Kranton has held positions at the University of Maryland and Duke University, and received research fellowships at the Russell Sage Foundation and Princeton's Institute for Advanced Study. In 2011–12, Kranton was a visiting professor at the Paris School of Economics. She served as dean of social sciences at Duke University from July 2018 to June 2022.

== Research ==
Rachel Kranton's research interests is on the effect of institutions and the social setting on economic outcomes. She has made huge influence in the field of Identity Economics and the economics of networks.
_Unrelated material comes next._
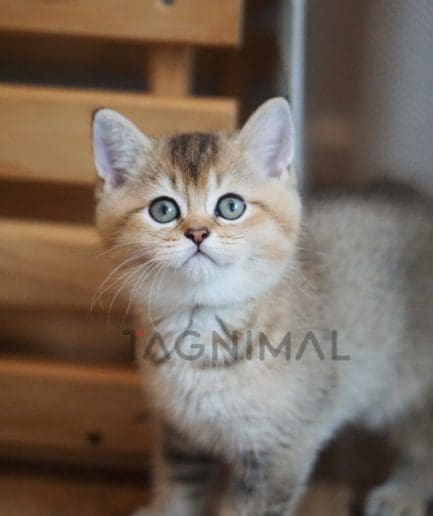 Scottish straight kitten for sale, cat for sale at Tagnimal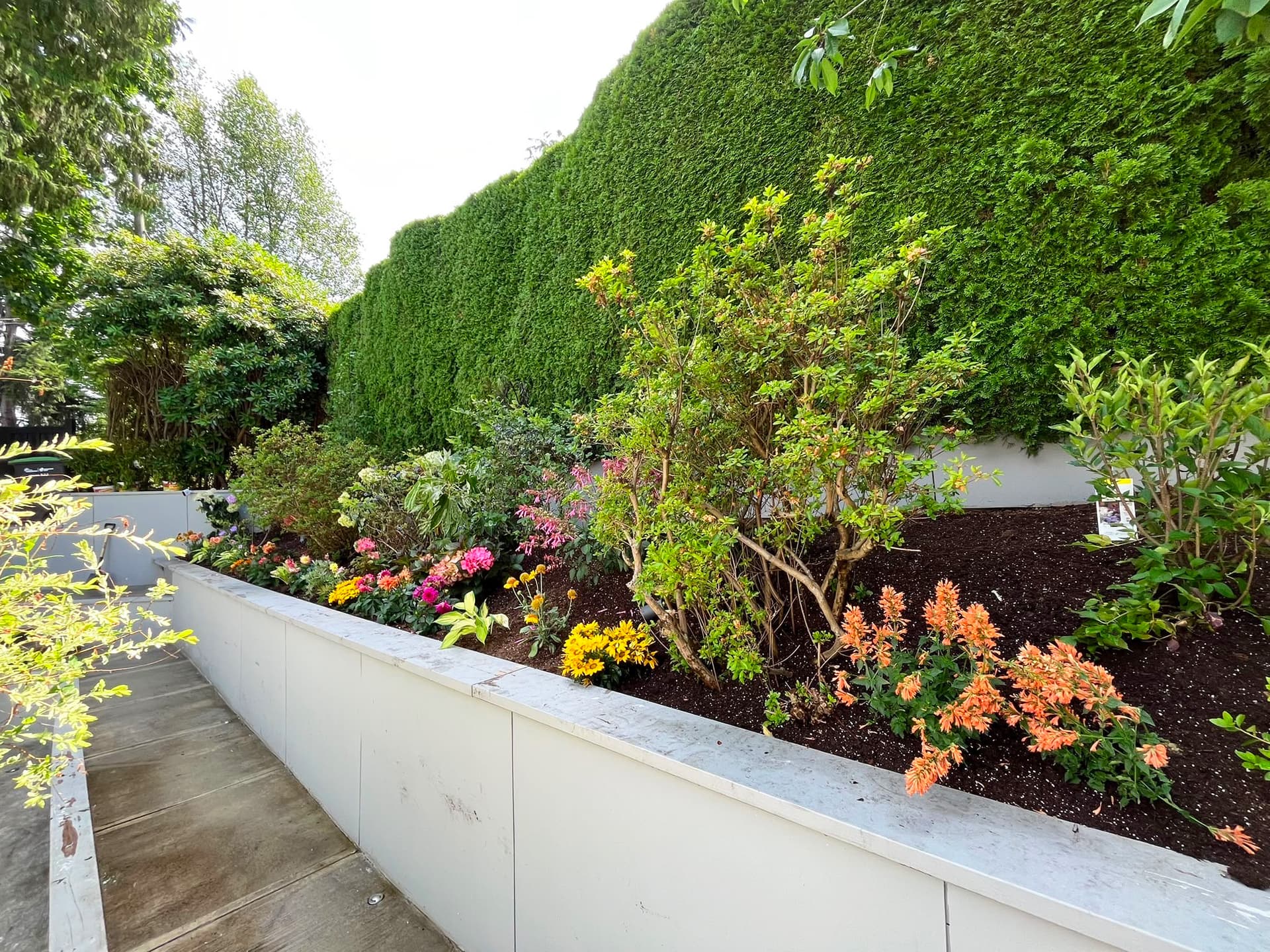 Tree & Flower Planting — after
Her work includes a general framework to study social norms and identity in economics (together with her collaborator George Akerlof) and formal models of strategic interaction in different economic settings.
Her publications can be found in the link * Kranton's Duke econ page
She has achieved grant for her researches: Social Influences on Financial Decision Making, Networks, Public Goods, And Social Interactions: At The Edge Of Analytics and Complexity and Collabarative Research: CDI-Type I: Innovation in Social Networks.

== Recognition ==
Rachel Kranton was elected fellow of the American Academy of Arts and Sciences in 2020. She was elected to the National Academy of Sciences in 2021.
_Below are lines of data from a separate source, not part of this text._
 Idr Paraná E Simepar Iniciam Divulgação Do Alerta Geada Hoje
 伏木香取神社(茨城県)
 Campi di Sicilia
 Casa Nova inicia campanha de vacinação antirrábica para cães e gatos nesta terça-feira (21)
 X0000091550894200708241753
Rachel Kranton was recognized in an article by Gregory Phillips (a communications manager at the Fuqua School of Business & staff member at Duke University)'Desire To Be In A Group Leads To Harsher Judgement Of Others,' which recognized Kranton for her study of "groupiness." This study divided a portion of 141 participants into
three different settings, including, 1)declared political leanings, 2)a more neutral group using the participants preferences of similar poems and paintings, 3)a random grouping. These three groups were asked to distribute money amongst themselves in their groups, or to themselves and someone outside their group. This test was used to determine if there were discriminatory factors against people outside of their groups. Yet, the result of this study found that this separate grouping created biases against people outside of their group, regardless of their political beliefs. It was found that a third of the participants were more likely to be politically independent and not have a group bias in the allocation of these assets. Some of the other findings was that the "groupiness" of people does not relate to gender or ethnicity.
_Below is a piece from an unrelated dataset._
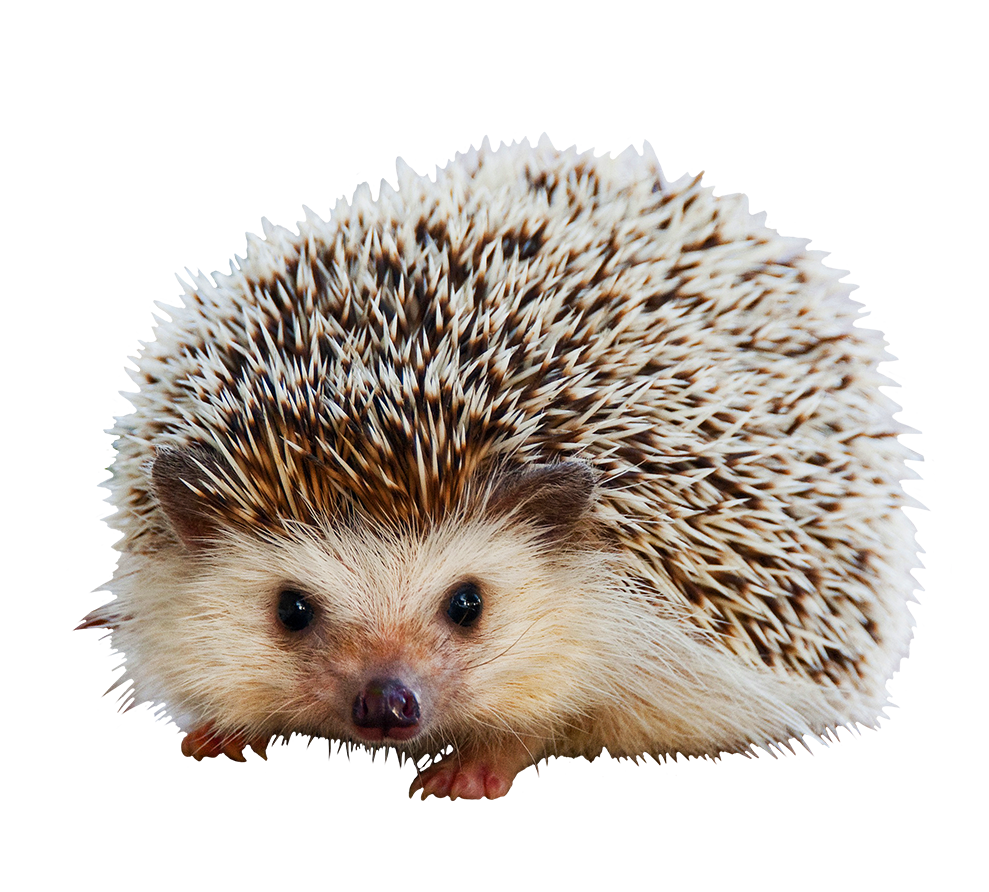 hedgehog clipart cute animal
== Notable previous positions ==
- Dean of Social Sciences, Trinity College, Duke University, 2018–2022.
- Professor, Department of Economics, Duke University, 2007–2012.
- Chaire Blaise Pascal, Paris School of Economics, 2011–2012.
- Professor, Department of Economics, University of Maryland, 2004–2008.
- Visiting associate professor, Department of Economics, Princeton University, 2002–2003
- Member, School of Social Science, Institute for Advanced Study, 2001–2002.
- Russell Sage Foundation Visiting Scholar, New York, NY, 1997–1998.

== Professional service ==
- Founding executive committee, Economic Research on Identity, Norms, and Narratives (ERINN), 2016–present.
- Core, Theoretical Research in Development Economics (ThReD), 2015–present.
- Managing editor, The Economic Journal, 2017–2020.
- Executive committee (elected member), American Economic Association, 2015–2018.
- Editorial board, Journal of Economic Literature, 2013–2019.
- Editorial board, American Economic Review, 2001–2007.